Dr Max Farrar, Leeds Metropolitan University, 2006 The Chapeltown Enterprise Centre stands at the bottom of Button Hill. The centre features the Best Fade Unisex Salon. Across the road is the Silver Tree Club which, these days, is a bricked-up, burned-out building. Chapeltown has changed. Chapeltown no longer boasts good manners. It is becoming derelict and infested with drug dealers. Garbage lies piled up in the streets, and there is a paucity of civic pride. Modern Chapeltown is home to a lost generation. A young woman shouts at me. 'Hey you, black man.' Her voice is raw and flat. A broad Yorkshire voice. As she crosses the street and walks toward me I can see that she is swathed in a big black coat. 'Hey you, black man.' Her eyes are wet with drugs, and she promises me that she will do anything. 'Black man.' I quicken my steps. I glance back at the Best Fade Unisex Salon. I want to tell the people in the enterprise centre that they are right to try, but they should look around themselves. There is no real enterprise. No real business, beyond survival, in this faded Chapeltown. And across the street, where the Hayfield pub would have stood, there is now nothing.

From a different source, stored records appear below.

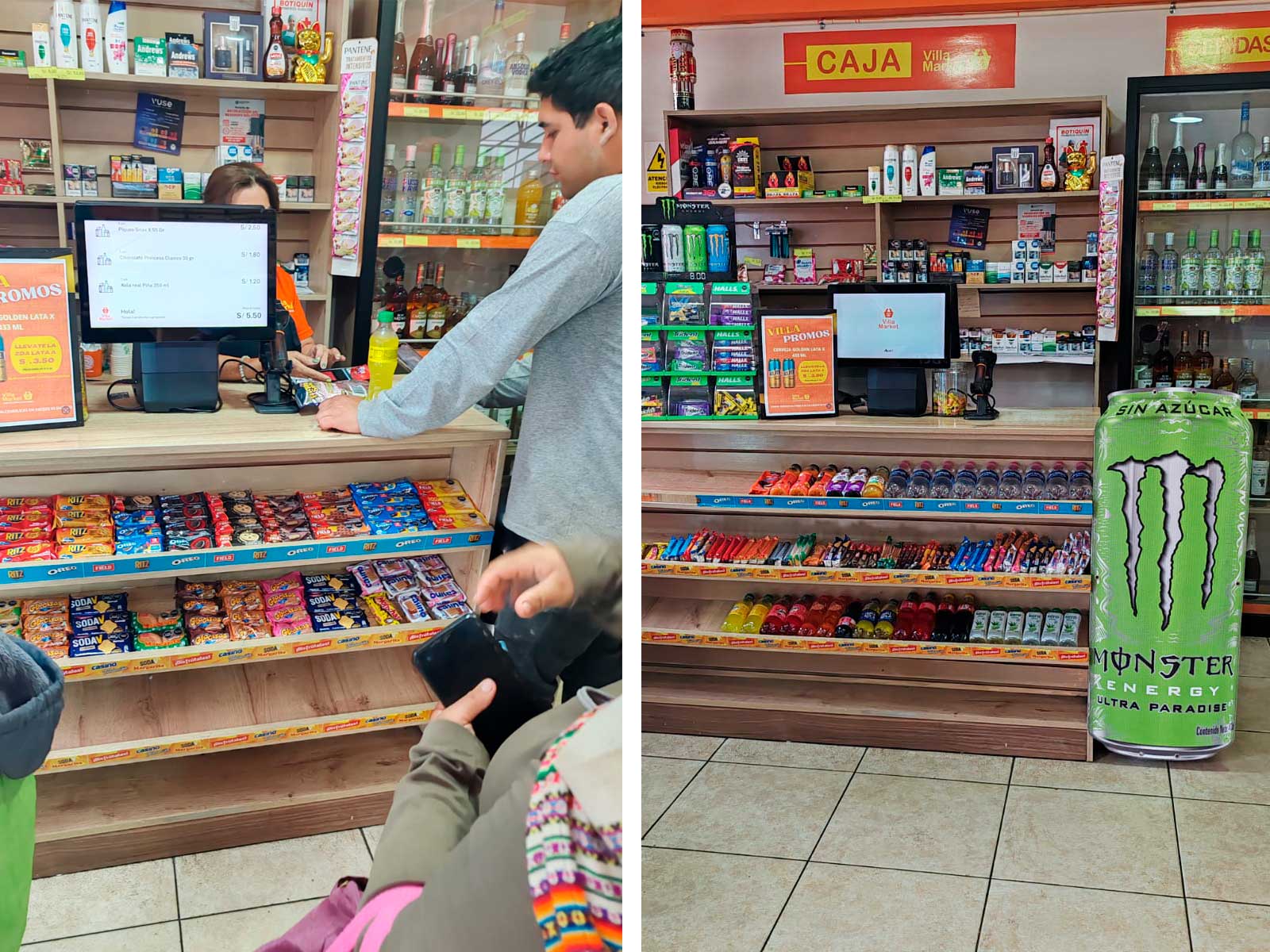 Propuestas de trabajo en equipo para el Display de la tienda (zona caja). Propuestas de trabajo en equipo para el Display de la tienda (zona caja).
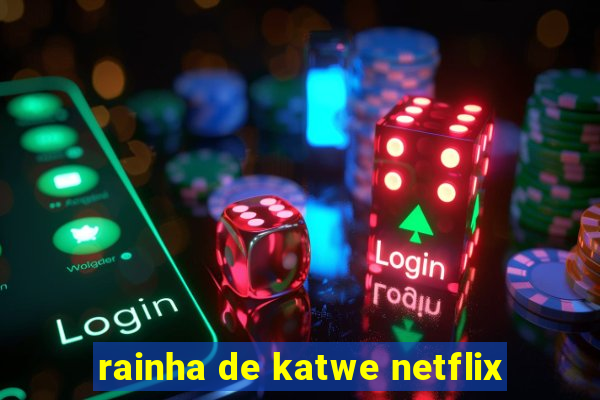 rainha de katwe netflix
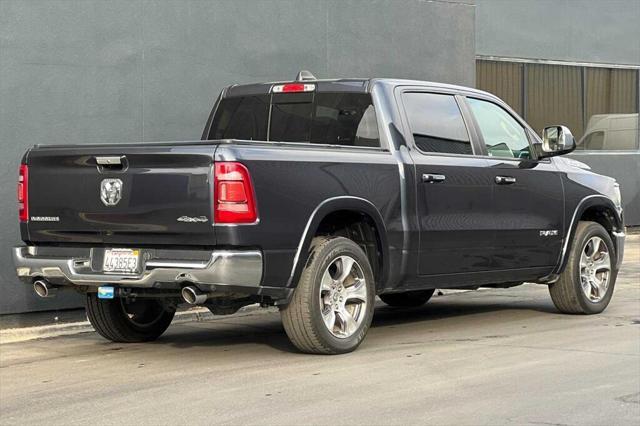 2021 ram 1500 laramie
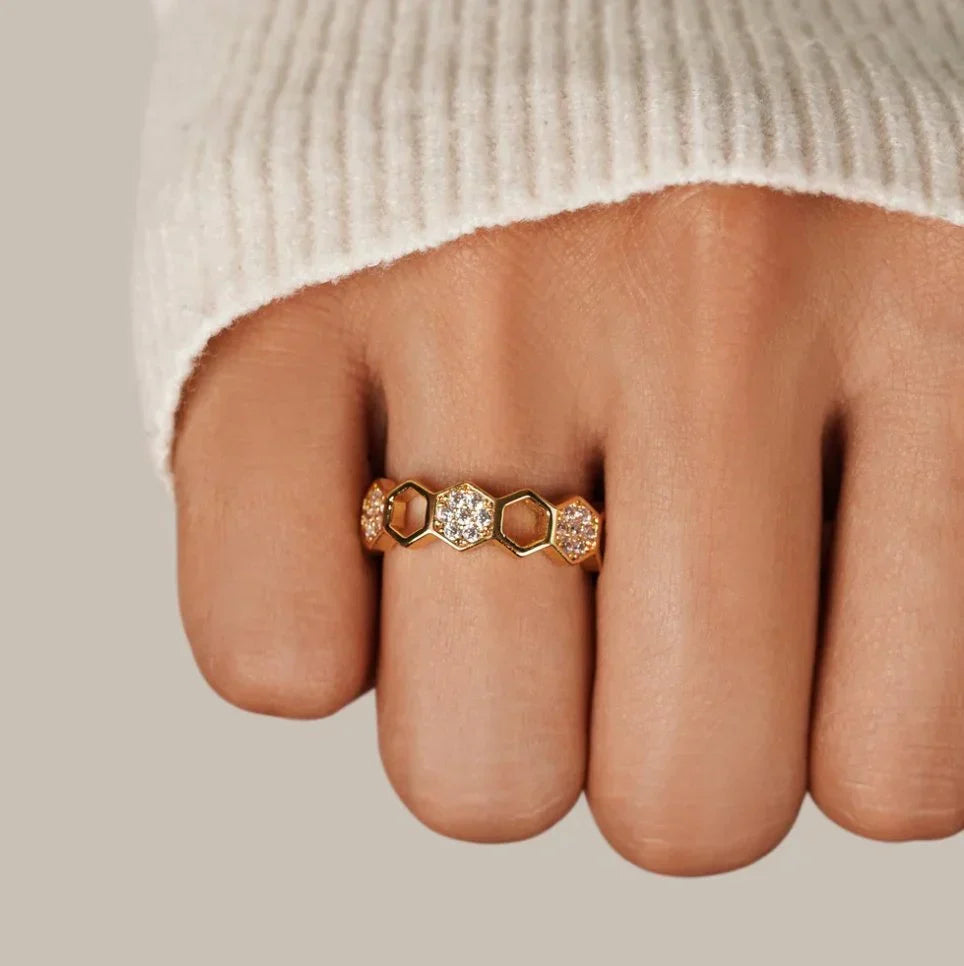 Anello Nido D&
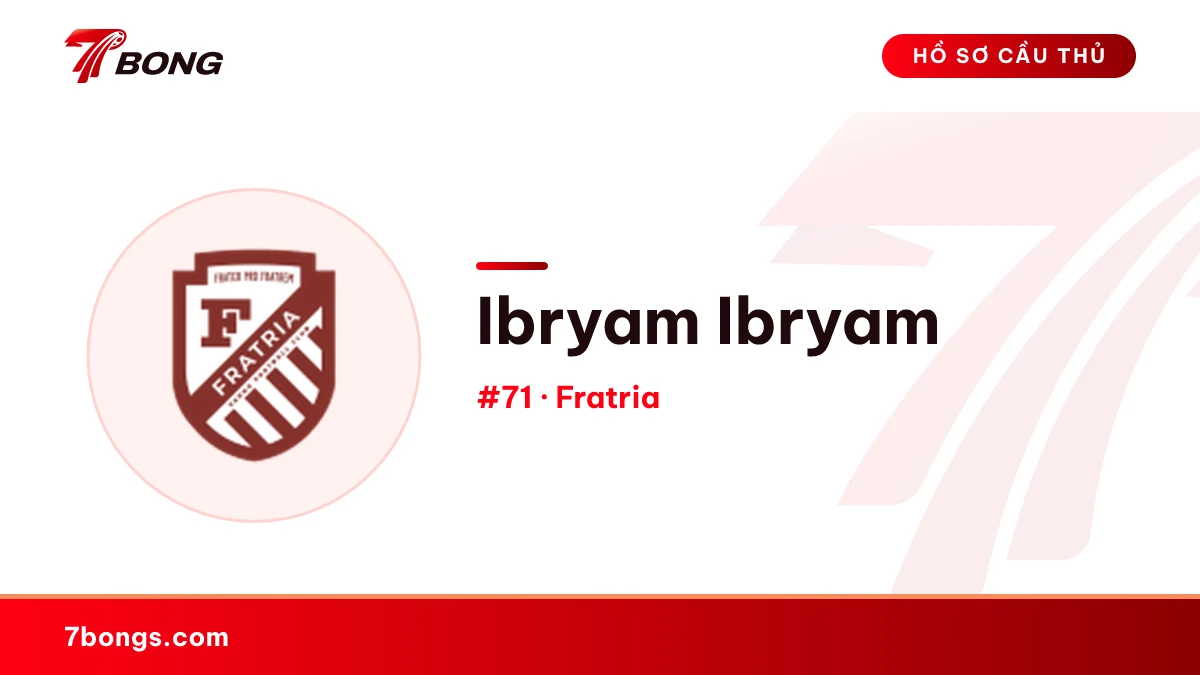 Ibryam Ibryam — Fratria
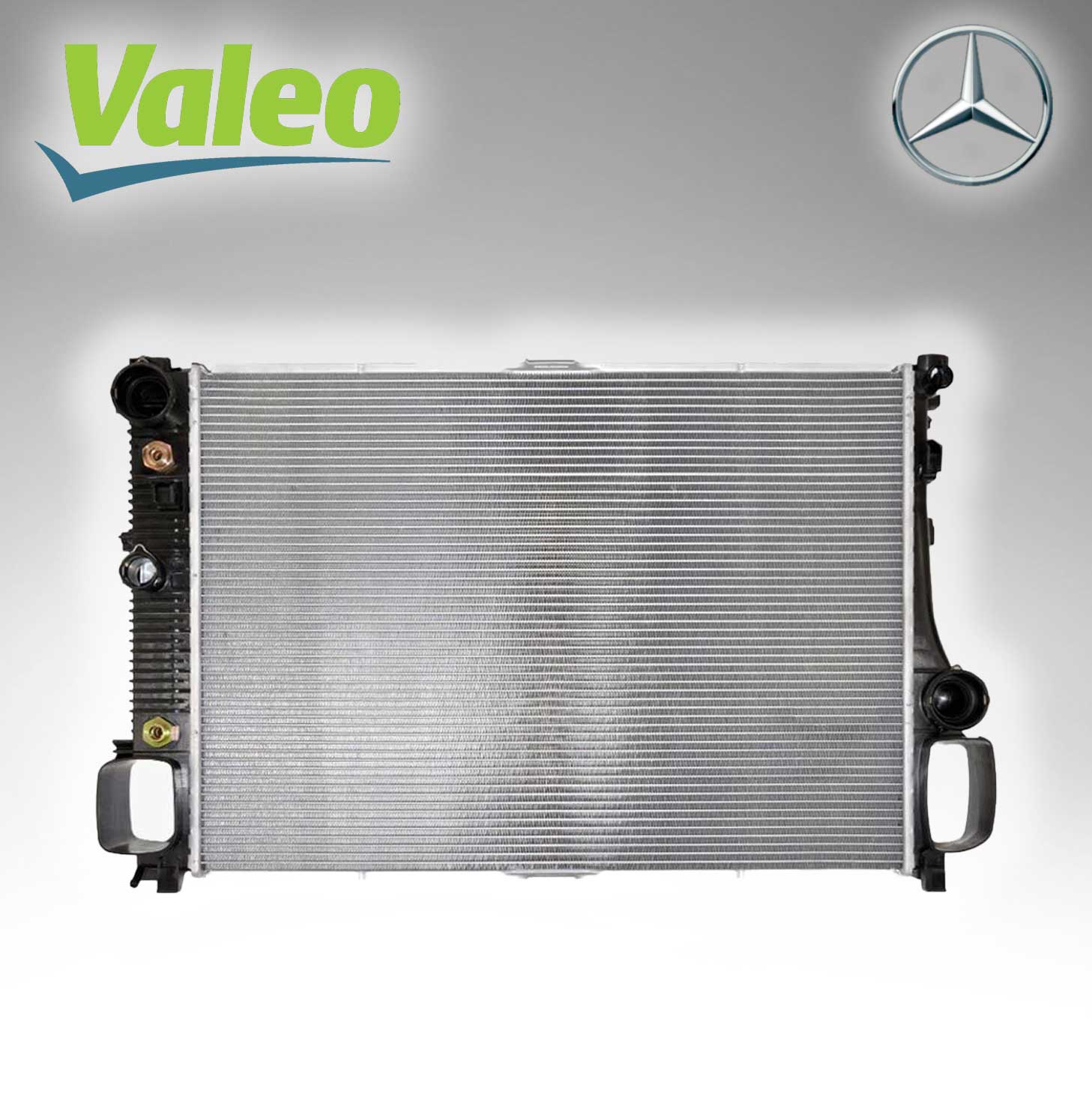 Valeo Radiator 735298 (Val#735298) For Mercedes Benz 2215002603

Nothing at all. It is gone. (Like you, David. Gone.) The bottom of Button Hill is empty.

The dark 'others' began to arrive in Leeds in the fifties. But what kind of a city was this that expected these newcomers to live like animals in abandoned bombed-out slums? The emigrants had heard rumours that the English often set fires in their houses, but until they reached England and felt the sharp bite of their first winter they did not fully understand. But they soon learned. However, what they never learned to understand, or accept, was the racism which confined them to filthy rooms. Landlords, including Leeds City Council, seemed intent upon extracting money from them in exchange for rooms in which it was barely possible to turn around; rooms which one had to share with mice and fleas and rats, where water ran down the walls when it rained, and thereafter snails crawled up them; rooms where the nearest bathroom was your handbasin, and your one toilet bowl was in the next street and had to be shared with 200 others. The mother country was welcoming her citizens at the front door, and then quickly ushering them out through the back door crying, 'No Blacks', crying, 'No Coloureds', crying, 'Go back to where you come from'. And David heard these shouts, but he wanted an education in order that he might make something of himself in England, and so he redoubled his polite efforts to learn. He worked harder, and studied harder, but still they took him to Armley jail, and then on to the asylum where they changed his personality. And when they released him back into the world, David soon discovered that he had lost his damp, cold room at 209 Belle Vue Road. Even this dismal place had slipped through his fingers, but he still possessed his city of Leeds on the banks of the River Aire. David still had his city.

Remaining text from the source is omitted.